Each MySQL server master and slave(s) have two IPs. The first IP is the server's base IP. The second is a floating IP that can be changed at will.
If the master dies, just assign the IP from the master to one of the slaves.
If the master comes backup, it should check if the floating IP is in use before assigning it back to itself.
You could consider Linux-HA for handling the migration of the Master. There are a lot of people using this software for doing just that.
Zach:
If a master dies and you switch writes to go to one of the slave, you should *never* let the failed master start taking writes again. It would have missed all the updates that happened to the slave, and now you have two copies of the database that need to be merged -- that's a nightmare.

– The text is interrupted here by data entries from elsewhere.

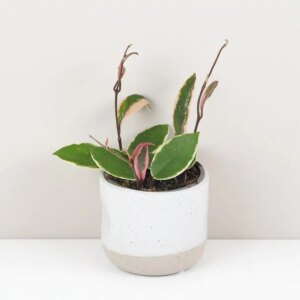 Hoya carnosa ‘Flamingo Dream’ veľká - bonsai terárium | rastlinné terárium | nenáročné rastliny | čistiace vzduch rastliny | vlhkomilné rastliny | ťahavé rastliny | izbové rastliny do tieňa | rastliny na rozptýlené svetlo | rastliny na priame slnko | bezpečné rastliny pre deti | bezpečné rastliny pre zvieratá | rastliny do kúpeľne | zelená dekorácia | starostlivosť o rastliny | DIY terárium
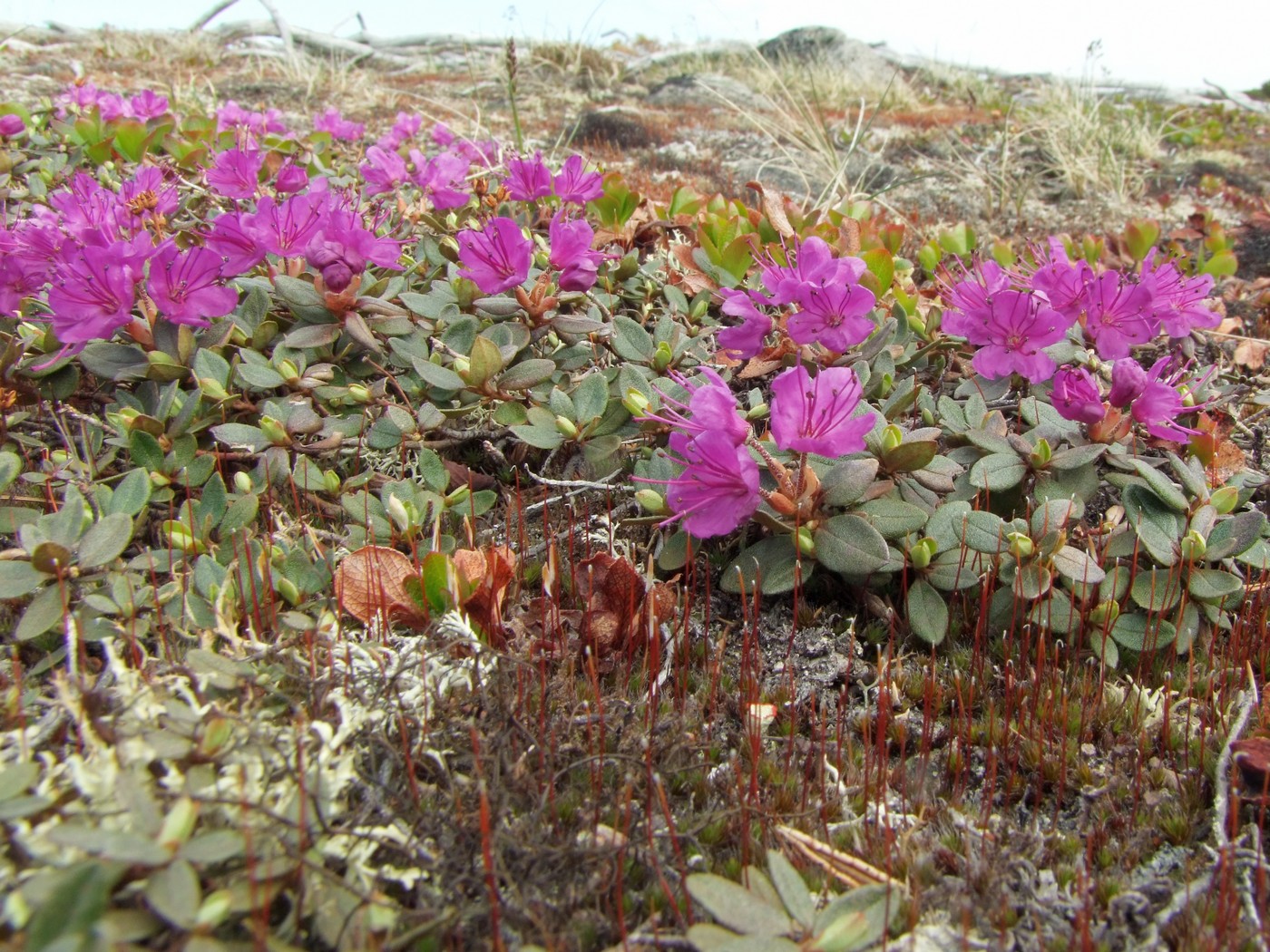 Image of Rhododendron lapponicum specimen.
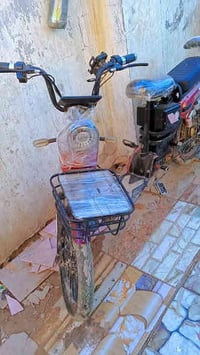 دراجة كهربائية • ديالى • ٣٥٠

Promoting a slave to master isn't a process that can be reversed. When the failed master comes back up, it's no longer useful. It should be rebuilt as a new slave of the new master.
Dynamic DNS is not a good way to do anything. DNS is the source of many problems. Use virtual IP addresses and treat DNS as static.
I'd many troubles configuring a M->S1->S2 configuration. Here's a cheat sheet that I've made (in spanish):
Replicación Maestro->Esclavo1->Esclavo2 en mySQL
http://camposer-techie.blogspot.com/2010/08/replicacion-maestro-esclavo1-esclavo2.html
Hi,
We are going to configure the same configuration in Linux cluster environment So Is there any specific configuration required?
Add a log-bin with the same value to all master/slave[s] my.cnf in the mysqld section if you EVER think you might maybe need the slave to become a master. I think.
The Master Setup [1] has a sample entry. The Slave Setup [2] does not, though it discusses it in the last paragraph for "data backups and crash recovery on the slave, and also use the slave as part of a more complex replication topology (for example, where the slave acts as a master to other slaves)"
I believe the implications are:
Use log-bin on slave if you want backup/recovery
Don't use log-bin on slave if it will NEVER be a master
(Using log-bin adds disk write overhead)
I guess if your only goal is read-only slaves for blinding fast performance, not having log-bin on the slave will save some performance.
But then down the road, when you want to build a tier of
master->>distributed-slave-masters->>>>slaves
You need the log-bin anyway on that middle tier of "branches", so they can replicate to the leaves.
How much overhead does log-bin add, really?
Is it worth never being able to promote a slave to master for disaster recovery or for a complex three-tier topology of distributed "slave-master" in a middle tier? Seems to me that unless the log-bin disk write over head is quite significant, the flexibility of having a slave ready to take over as master is far more beneficial.
NOTE:
I am just puzzling this out for myself as I type this. I could be way off base.
If I am correct, suggested Doc Change:
# comment this out for maximum performance
# penalty: this slave cannot be made master later
log-bin=mysql-bin #MUST match Master log-bin setting
I think that suits the more common use cases, but clearly provides the pro/con for max performance users.